Along with the abstract aspect of Seabourn’s art, he is also known for Native American subject matter of his works. Seabourn was inspired to pursue American Indian subjects after a visit to the Indian Annual, a juried art show at Tulsa’s Philbrook Museum of Art, but he wanted to try a different approach than the Flatstyle art that was then popular.

Seabourn was an active part of the Native American art world until the passage of the Indian Arts and Crafts Act in 1990. As a person of Native American descent with no Certificate of Degree of Indian Blood to prove descent from any Cherokee tribe, it is illegal for Seabourn to publish claiming to be an Indian Artist.

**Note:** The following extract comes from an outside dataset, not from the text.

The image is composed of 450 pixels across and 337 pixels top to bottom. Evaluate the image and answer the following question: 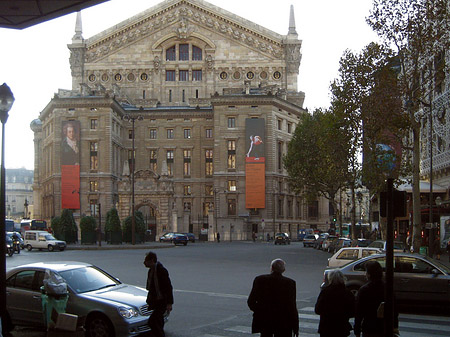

One of Seabourn’s notable works is Wind Walker, a bronze sculpture that stands 23 feet tall and was unveiled in 1988.

==Awards==
- 1976 - Master Artist designation by the Five Civilized Tribes Museum
- 1981- Governor’s Arts Award from the Oklahoma Arts Council
- 1997 - Honorary Doctor of Humane Letters
- 2009 - Paseo Arts Association Lifetime Achievement Award

==Personal==
Seabourn lived with his wife, Bonnie, in Oklahoma City. The couple has three daughters: Connie, Angela, and Jimmie.

Seabourn died on November 17, 2022, aged 91.